STRUCTURAL DIFFRACTION METHODS
- Overview
- Assessment methods
- Learning objectives
- Contents
- Bibliography
- Teaching methods
- Contacts/Info
Exam of General and Inorganic Chemistry successfully passed. Good knowledge of mathematics and matrix algebra.
Standard oral examination
Goal of the course is presenting methodological and structural aspects for the comprehension of ionic and molecular solids, mostly, but not only, of inorganic nature. Symmetry aspects will be introduced by a historical and morphological description, and later upgraded by a mathematical formalism to point and space groups (1D, 2D and 3D) description. The geometrical treatment will facilitate the interpretation of (optical and X-ray) diffraction physics, and the relationship between direct and reciprocal spaces, at the basis of modern crystallographic techniques.

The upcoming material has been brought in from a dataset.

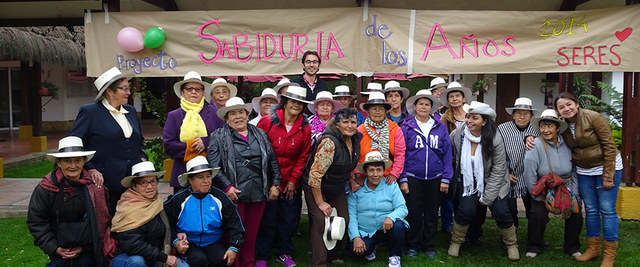 Instituto de Acción Social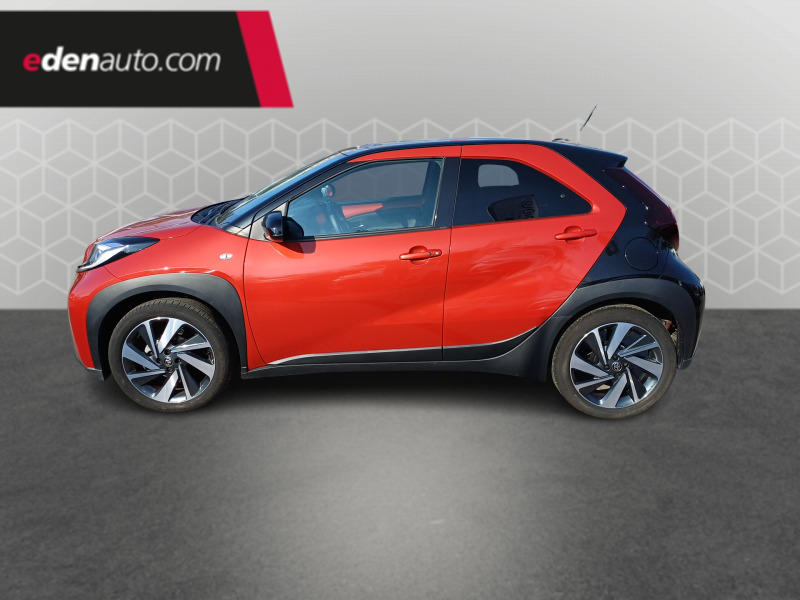 Toyota aygo x 1.0 Vvt-i 72 Collection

Themes related to single crystal structural determinations will be presented, and neutron and powder diffraction structural techniques introduced. The student will then be prepared for understanding, and critically evaluating, the structural models presented in the literature, for their usage in physical-chemistry or analytical fields, or to foresee the reactivity of solids and molecules.
Part I. Geometrical crystallography, symmetries, cells and Bravais lattices; point and space groups; International Tables; direct and reciprocal spaces; basics of linear algebra, matrices and crystallographic applications.
Part II. Diffraction theory; Bragg and Laue equations, scattering factors and structure factors; the phase problem; single crystal and powder diffraction experimental methods, data analysis techniques, interpretation of a crystallographic paper, Use of data banks.
Suggested textbooks:
“The Basics of Crystallography and Diffraction", C.Hammond, Ed. International Union of Crystallography and Oxford University Press, 240 pages.;
"Crystal Structure Analysis: A Primer", J.P.Glusker & K.N.Trueblood, Oxford University Press, 220 pages.
Teaching material publically available
(scienze-como.uninsubria.it/masciocchi/).
Suggestions of specific websites for exercises and further reading.